コラム | 松井薫の「隠居のたわごと」vol.33

松井薫の「隠居のたわごと」vol.33

隠居のたわごと

江戸時代のコメ事情

 江戸時代の言葉に「起きて半畳、寝て一畳、飯を食っても五合半」というのがある。いろんなことをやっても所詮、人間の等身大の生活はこんな程度だ、ということを表している。それにしても「飯を食っても五合半」は多すぎないか、そんなに食べるのは、体を大きくするのが仕事のような相撲取りぐらいでしょう、と今の私たちでは思ってしまう。でも江戸時代は本当にたくさんコメを食っていたようだ。武士(といっても下級武士)で10人扶持というのは、1年に食べる10人分のコメが支給されていたわけだが、この時の基準が一人一日5合。1年で一石八斗、10人扶持で十八石(年収113万円)だった。

 その頃は、コメを脱穀した後の稲わらも使い道が非常に多くあった。

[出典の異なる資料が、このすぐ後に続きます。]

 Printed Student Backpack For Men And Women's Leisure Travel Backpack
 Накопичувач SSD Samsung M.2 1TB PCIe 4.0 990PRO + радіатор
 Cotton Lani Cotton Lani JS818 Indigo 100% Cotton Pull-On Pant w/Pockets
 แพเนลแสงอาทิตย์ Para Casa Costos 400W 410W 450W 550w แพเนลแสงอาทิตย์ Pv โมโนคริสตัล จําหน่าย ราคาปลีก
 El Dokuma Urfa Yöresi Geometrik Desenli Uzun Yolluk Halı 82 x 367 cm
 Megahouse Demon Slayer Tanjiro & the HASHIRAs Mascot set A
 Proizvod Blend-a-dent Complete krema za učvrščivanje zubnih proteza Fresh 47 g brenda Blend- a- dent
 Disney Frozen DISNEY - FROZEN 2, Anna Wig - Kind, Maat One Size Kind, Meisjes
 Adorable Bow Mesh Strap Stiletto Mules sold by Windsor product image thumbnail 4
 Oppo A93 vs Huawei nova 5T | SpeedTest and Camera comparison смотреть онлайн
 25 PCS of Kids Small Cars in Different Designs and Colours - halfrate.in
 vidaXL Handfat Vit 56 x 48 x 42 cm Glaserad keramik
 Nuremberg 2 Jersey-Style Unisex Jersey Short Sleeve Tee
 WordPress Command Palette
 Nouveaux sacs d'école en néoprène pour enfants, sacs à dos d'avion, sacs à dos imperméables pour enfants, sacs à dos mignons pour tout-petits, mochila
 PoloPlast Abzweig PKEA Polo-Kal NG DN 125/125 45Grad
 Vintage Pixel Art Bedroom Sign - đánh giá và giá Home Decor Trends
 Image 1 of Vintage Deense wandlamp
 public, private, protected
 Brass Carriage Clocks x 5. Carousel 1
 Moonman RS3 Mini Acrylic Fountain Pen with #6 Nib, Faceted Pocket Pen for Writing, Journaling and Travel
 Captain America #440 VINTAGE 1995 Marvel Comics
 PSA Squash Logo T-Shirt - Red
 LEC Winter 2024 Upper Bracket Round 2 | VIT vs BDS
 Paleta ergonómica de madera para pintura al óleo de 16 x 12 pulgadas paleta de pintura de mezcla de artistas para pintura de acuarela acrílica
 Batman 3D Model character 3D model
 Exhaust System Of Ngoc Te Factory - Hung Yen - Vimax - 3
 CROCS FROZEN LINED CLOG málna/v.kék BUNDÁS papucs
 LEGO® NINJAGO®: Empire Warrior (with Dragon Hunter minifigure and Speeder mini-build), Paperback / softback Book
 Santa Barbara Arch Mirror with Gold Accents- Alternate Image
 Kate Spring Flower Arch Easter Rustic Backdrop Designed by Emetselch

堆肥に使うのはもちろん、縄をなったりそれを使って網状にしたり、蓑やわらじを作ったり、俵にして米や炭の入れ物にしたり、編み込んで敷物にしたり、藁ぶき屋根の材料になったり、それらの使い道が終わると最後には燃料として燃やすことができ、そこでできた灰は火鉢に入れたり、染め物の触媒として使ったり、肥料として田んぼに戻したりした。よく食って、そのあとのものを無駄のないようによく使い、そうして循環していた。

 今は、一人一合も食べないだろうし、藁をそんなちまちましたことに利用するなんて貧乏くさい、とばかりに、収穫した後の藁は、機械で米を刈り取ると同時に細かく切断されてしまう。縄を作ったりするためには、有機栽培された米を特別にカマで刈って日光にさらし、脱穀機で脱穀するという、今の時代には手間のかかるやり方をしないと長いままの藁が得られない。昭和30年代の記憶では、家でも、炭をいれた俵を、年末に家の前の道路で焚火にして(副産物として焼き芋ができる)わら灰を作り、火鉢に入れていた。それが、現在では炭火の良さを伝えたくて、火鉢の使用を勧めるとき、灰の調達に苦労することになる。古い町家が不幸にも解体されたり、改修の時にいらない火鉢が出てきたりしたときには、中の灰だけをもらいに行ったりしていたが、だんだんそういうものも出なくなってきた。田舎の田んぼで古い畳の藁床を燃やしてもらって(都市近郊では燃やせない)、灰を作ったりしたこともあった。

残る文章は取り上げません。